Donald Sussman Paloma Partners

Donald Sussman of Paloma Partners

At Insider Monkey we leave no stone unturned when looking for the next great investment idea. For example, 2020’s unprecedented market conditions provide us with the highest number of trading opportunities in a decade. So we are checking out trades like this one. We interview hedge fund managers and ask them about their best ideas. If you want to find out the best healthcare stock to buy right now, you can watch our latest hedge fund manager interview here. We read hedge fund investor letters and listen to stock pitches at hedge fund conferences. Our best call in 2020 was shorting the market when the S&P 500 was trading at 3150 after realizing the coronavirus pandemic’s significance before most investors. With all of this in mind let’s take a glance at the recent hedge fund action surrounding Ubiquiti Inc. (NYSE:UI).

How are hedge funds trading Ubiquiti Inc. (NYSE:UI)?

At Q1’s end, a total of 23 of the hedge funds tracked by Insider Monkey were long this stock, a change of -8% from the fourth quarter of 2019. Below, you can check out the change in hedge fund sentiment towards UI over the last 18 quarters.
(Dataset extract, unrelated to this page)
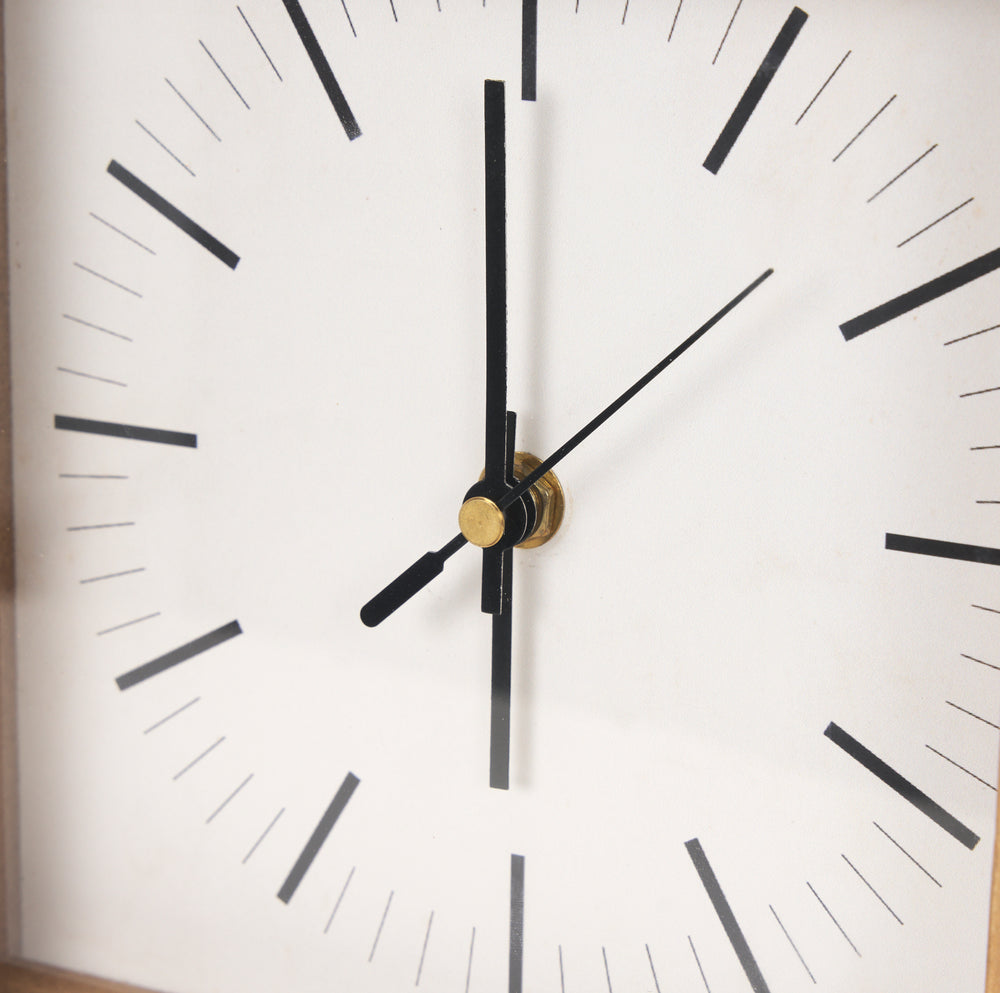 Renaya Table Clock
So, let’s check out which hedge funds were among the top holders of the stock and which hedge funds were making big moves.

Is UI A Good Stock To Buy?

Among these funds, Renaissance Technologies held the most valuable stake in Ubiquiti Inc. (NYSE:UI), which was worth $104.9 million at the end of the third quarter. On the second spot was D E Shaw which amassed $17.8 million worth of shares. Arrowstreet Capital, Maverick Capital, and Harspring Capital Management were also very fond of the stock, becoming one of the largest hedge fund holders of the company. In terms of the portfolio weights assigned to each position Harspring Capital Management allocated the biggest weight to Ubiquiti Inc. (NYSE:UI), around 4.35% of its 13F portfolio. Old Well Partners is also relatively very bullish on the stock, setting aside 1.41 percent of its 13F equity portfolio to UI.
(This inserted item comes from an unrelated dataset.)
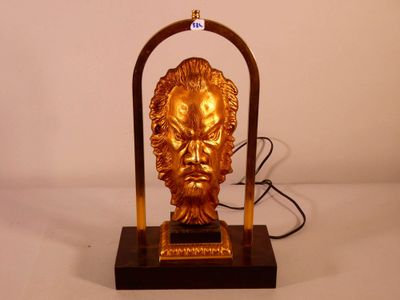 une statue en or représentant un homme à tête de lion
Due to the fact that Ubiquiti Inc. (NYSE:UI) has faced falling interest from the aggregate hedge fund industry, it’s safe to say that there were a few hedge funds who sold off their full holdings in the first quarter. Intriguingly, Gregory Bylinsky and Jefferson Gramm’s Bandera Partners sold off the largest investment of the “upper crust” of funds monitored by Insider Monkey, totaling an estimated $19.6 million in stock, and Donald Sussman’s Paloma Partners was right behind this move, as the fund dumped about $6 million worth. These bearish behaviors are interesting, as aggregate hedge fund interest was cut by 2 funds in the first quarter.

Let’s go over hedge fund activity in other stocks similar to Ubiquiti Inc. (NYSE:UI). We will take a look at Coupa Software Incorporated (NASDAQ:COUP), The AES Corporation (NYSE:AES), Teradyne, Inc. (NYSE:TER), and ONEOK, Inc. (NYSE:OKE). All of these stocks’ market caps resemble UI’s market cap.
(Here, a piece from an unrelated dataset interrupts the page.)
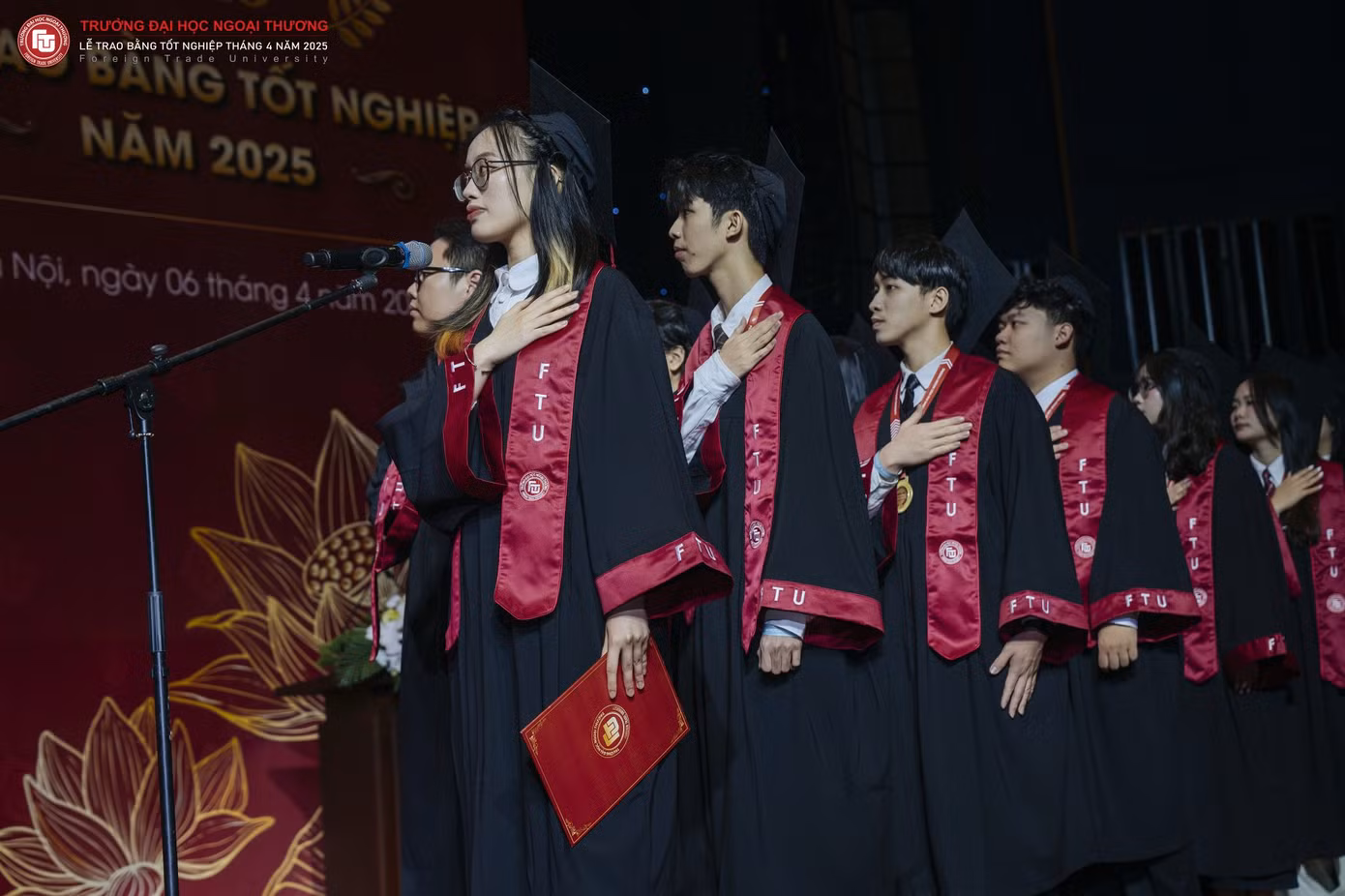 Từ một học sinh chuyên Toán ngại giao tiếp, Trần Tuấn Anh đã bản lĩnh rẽ lối sang ngành Kinh tế quốc tế và chứng minh rằng mọi giới hạn đều có thể vượt qua.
Ticker No of HFs with positions Total Value of HF Positions (x1000) Change in HF Position
COUP 66 2184206 11
AES 31 445516 4
TER 28 842457 -5
OKE 25 135073 -6
Average 37.5 901813 1

View table here if you experience formatting issues.

As you can see these stocks had an average of 37.5 hedge funds with bullish positions and the average amount invested in these stocks was $902 million. That figure was $162 million in UI’s case. Coupa Software Incorporated (NASDAQ:COUP) is the most popular stock in this table. On the other hand ONEOK, Inc. (NYSE:OKE) is the least popular one with only 25 bullish hedge fund positions. Compared to these stocks Ubiquiti Inc. (NYSE:UI) is even less popular than OKE. Hedge funds clearly dropped the ball on UI as the stock delivered strong returns, though hedge funds’ consensus picks still generated respectable returns. Our calculations showed that top 10 most popular stocks among hedge funds returned 41.4% in 2019 and outperformed the S&P 500 ETF (SPY) by 10.1 percentage points. These stocks gained 13.9% in 2020 through June 10th and still beat the market by 14.2 percentage points. A small number of hedge funds were also right about betting on UI as the stock returned 28.8% so far in the second quarter and outperformed the market by an even larger margin.